I generally like the name. Good use the brushes. Overall layout looks good.
Some might say you're using too many different fonts. I don't think it's a problem here, myself, but I know it bugs some people.

----------


## Steel General

This has turned out quite nicely...well done!

----------


## Diamond

That turned out spectacularly well.  I like the font choice, especially in the oceans/seas.  And the little hints of red in the map are just enough to give the whole thing some 'zing' without overwhelming it.

Repped again.

----------


## Dain

Thanks for your feedbacks, very appreciated.

There one thing I wanted to achieve but didn't manage to get it, because of a lack of know how. It is about the labels. Initially I wanted to make something old style and to use a handwritten font that would enhance this "hand made" style. But I didn't find a good one or a way to  make it nice. the issue comes also from the high contrast background. When a label is above a light area, that's fine, but above a dark BG, it becomes ugly and hard to read.
So I decided to go for a glow effect that would make the labels readable whatever the BG could be.
Anyone has an idea to make it possible?
The problem with the glow effect is that it seems too bright when a JPG file is created. It doesn't seem too bright with a PSD file ... :/ 




> "Arhipelago of the Eywulf" is missing the "c" in "Archipelago". (Not sure about eywulfs [eywulves?])
> "Spire of the Ocean song" -- "song" should be capitalized
> I like the choice of symbols for settlements. They're unusual enough to be interesting, but not so far out as to seem strange.
> "Plains of Eris Amman" and "Foul Bog of Eris Aman" seem like they should agree in spelling.
> "Baelstone gate" -- capitalize "gate"


That's what I call an eagle eye! Thank you, I change all that straight away 
 It is hard to stick with only one font, especially when you have so many different things to label. I spent countless hours on dafont.com to find the one font that will fit. I'm glad you enjoy the result  :Wink: 

The font are (from dafont.com)
- Cities: handserif
- Regions: Rosemary
- Rivers/ Roads: Trinigan
- Mountains: Brubeck

----------


## Diamond

> There one thing I wanted to achieve but didn't manage to get it, because of a lack of know how. It is about the labels. Initially I wanted to make something old style and to use a handwritten font that would enhance this "hand made" style. But I didn't find a good one or a way to  make it nice. the issue comes also from the high contrast background. When a label is above a light area, that's fine, but above a dark BG, it becomes ugly and hard to read.
> So I decided to go for a glow effect that would make the labels readable whatever the BG could be.
> Anyone has an idea to make it possible?
> The problem with the glow effect is that it seems too bright when a JPG file is created. It doesn't seem too bright with a PSD file ... :/


One thing you might try is to actually erase the terrain features directly underneath the text in the dark areas.  That way you have the effect of an outer glow, that is, making the text easier to read, but you don't sacrifice any 'authenticity' by adding text effects.

----------


## tilt

or you can choose to make an outline instead of outer glow cause an outline doesn't get transparent, its solid. And experiment with outline width as many just make a thin one, but sometimes a really thick one where the outlines flow together works really well  :Smile:

----------


## Dain

Thanks guys,
I tried that but there were always a bug somewhere that annoyed me. After testing different things and  trying to find the best solution, I ended up with something completely different from what I wanted at the begening. I guess this kind of thing happen very frequently  :Razz: 
I found some nice banner scrolls on Devianart and decided to use them.
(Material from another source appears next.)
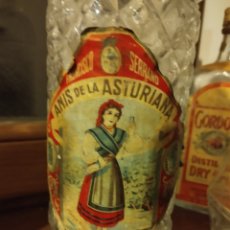 Botellas antiguas: 8 BOTELLAS VACIAS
I must admit I like the style and the color scheme is kept so It was all set and done.

What do you think?

----------


## Will Phillips

Those banners are ridiculously awesome.

----------


## tilt

very nice little banners you got there  :Smile: 
two minor things - I feel the bannerstyle would look better centered on top of the town/city because of its shape... sorry  :Smile: 
and I feel the color of the banners are a little to bright in comparison to the rest of the map and the rest of the texts...

----------


## Ramah

Very nice looking map, Dain. The little scrolls under the labels look great.  :Smile: 

I noticed a small problem: If you take a point between "Kazak-Dur" and "The Vale of Tears" then head due west you'll see there is a hill brush showing through a mountain. Small point but you might like to fix it.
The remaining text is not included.